Taking into account the strong LD among these genes, we sought for signals of recent selection using the following haplotype tests: Hudson’s haplotype test (Hudson et al. 1994), derived intra-allelic nucleotide diversity (DIND; Barreiro et al. 2009), and extended haplotype homozygosity (EHH) and relative EHH (REHH) (Sabeti et al. 2002). We started by applying the Hudson’s haplotype test because the LD block shown in figure 1C could be attributed to a single haplotype with a 100-kb extension present in 88% of the in Asian population. With such test, we examined whether the common haplotype contained fewer segregating sites than expected under neutrality given its frequency. We obtained significant results for the 100 kb region, encompassing 8 variable positions out of 44 segregating sites. The tests were based on 10,000 simulations (ms, Hudson 2002) of the constant neutral model (P = 0.0023) and on the Gutenkunst model for Asian populations (without migration) (P = 0.0205) (Gutenkunst et al. 2009).

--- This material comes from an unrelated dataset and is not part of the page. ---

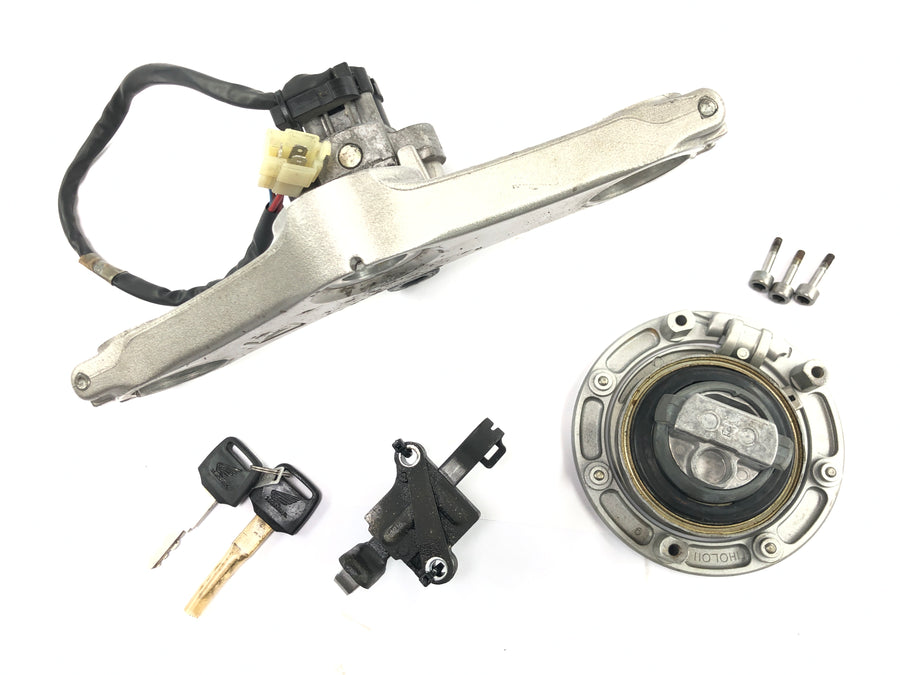 Honda VFR 800 FI RC46 [1999] - Lock set with upper fork bridge, ignition lock, seat lock, tank cap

In spite of the low nucleotide diversity associated with the extended haplotype, the DIND test showed that none of the PI3, SEMG1, or SEMG2 variants was significant under the Gutenkunst demographic model. Nonetheless, a number of variants (rs13042431, rs2267864, rs2301366, and rs2071651; fig. 4) located in the region of interest display borderline nonsignificance under the Gutenkunst model and present significant values under the constant model of demography. From the latter SNPs, only one is a NS variant (rs2301366 A→T), reflecting an amino acid change of Thr56Ser in SEMG1 (fig. 4).

Fig. 4.

Fig. 4.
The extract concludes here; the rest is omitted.